- Task to carry out: Reproduce the lines below exactly, from the one containing "NEW RECEPTACLE image" through the one containing "1316 S 6th Street, Omaha, NE 68108", both included. Leave out any pictures.

- Listed entries:
══════════
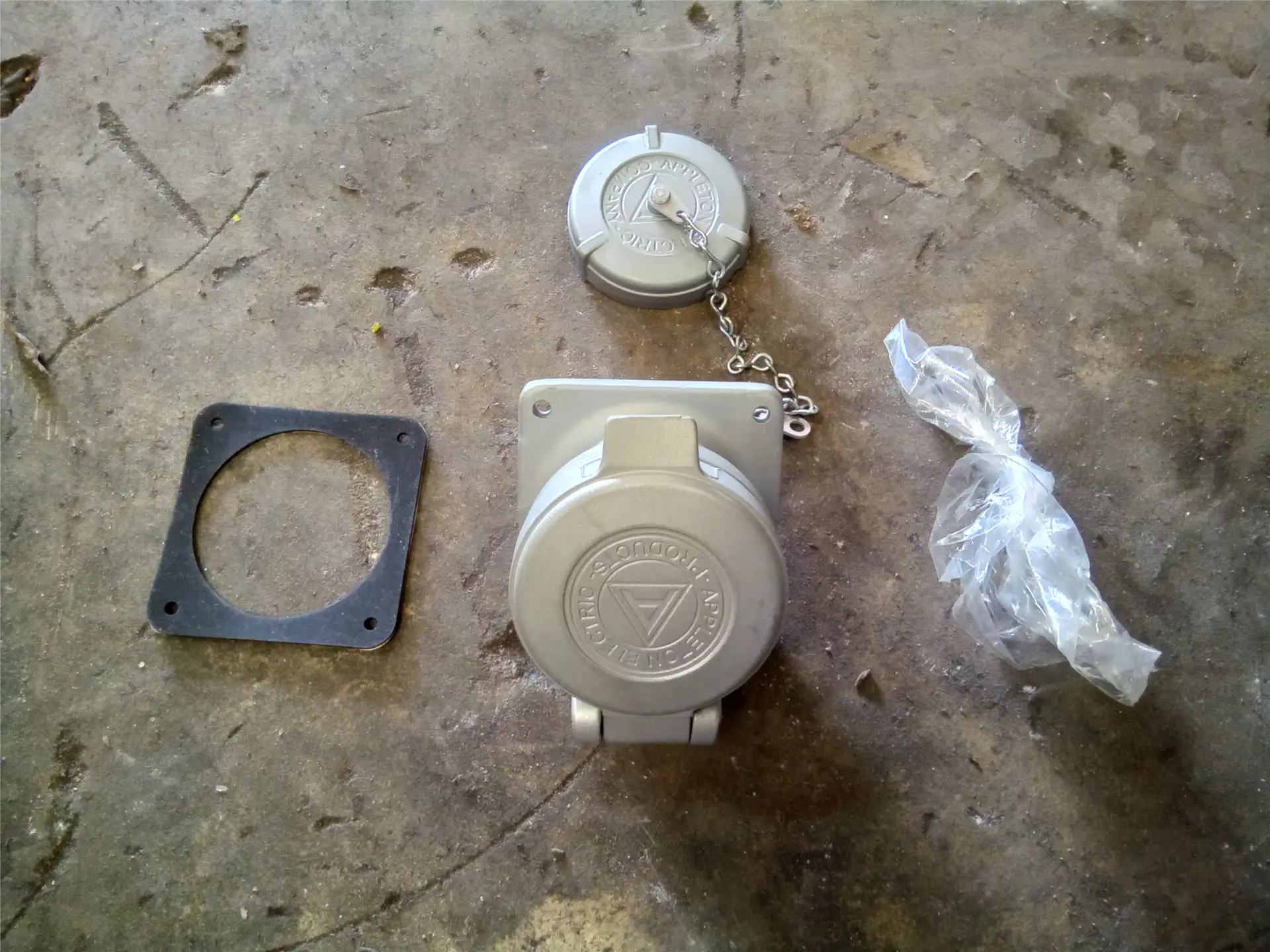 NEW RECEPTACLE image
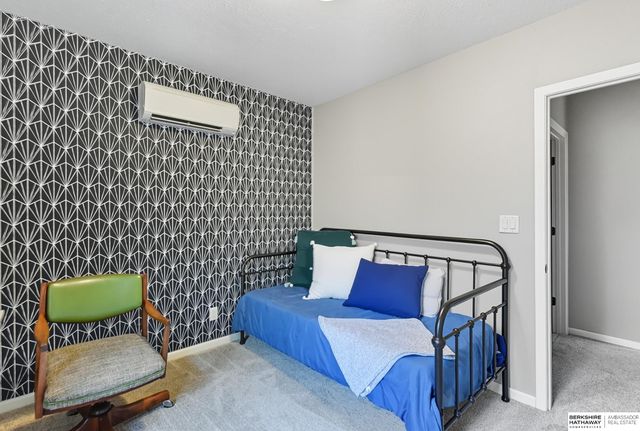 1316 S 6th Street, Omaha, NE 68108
══════════
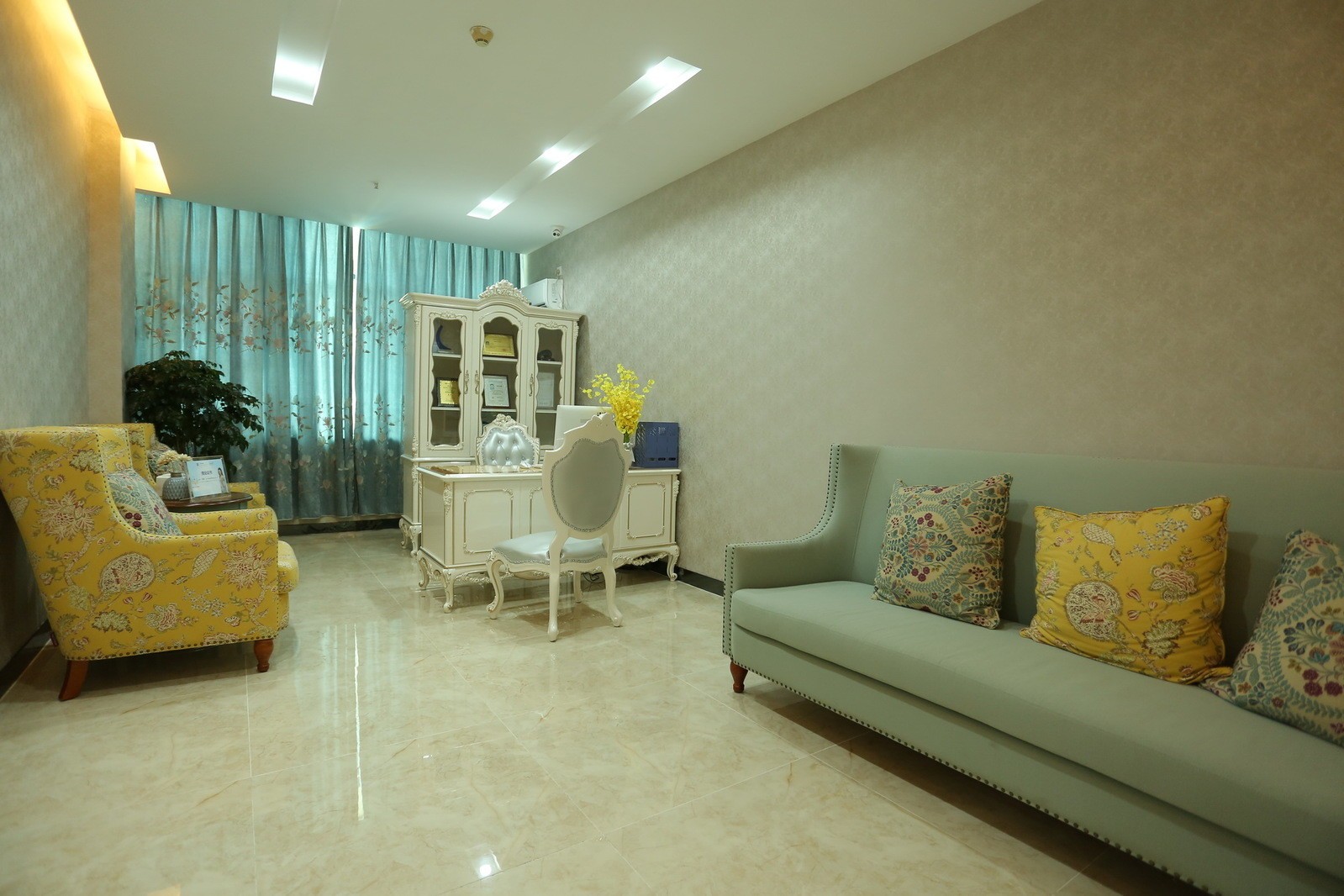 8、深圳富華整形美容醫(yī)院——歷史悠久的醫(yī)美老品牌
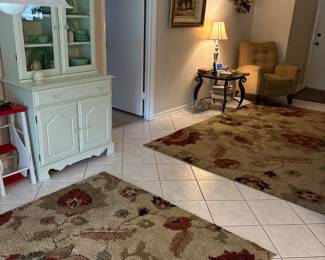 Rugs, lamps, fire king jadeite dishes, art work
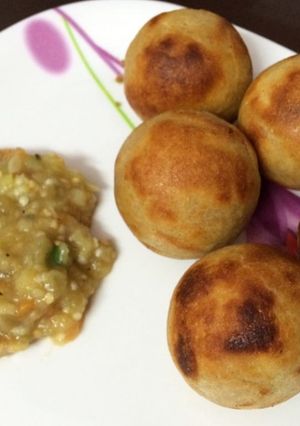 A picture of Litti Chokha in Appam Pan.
══════════
- Exercise result:
 NEW RECEPTACLE image
 1316 S 6th Street, Omaha, NE 68108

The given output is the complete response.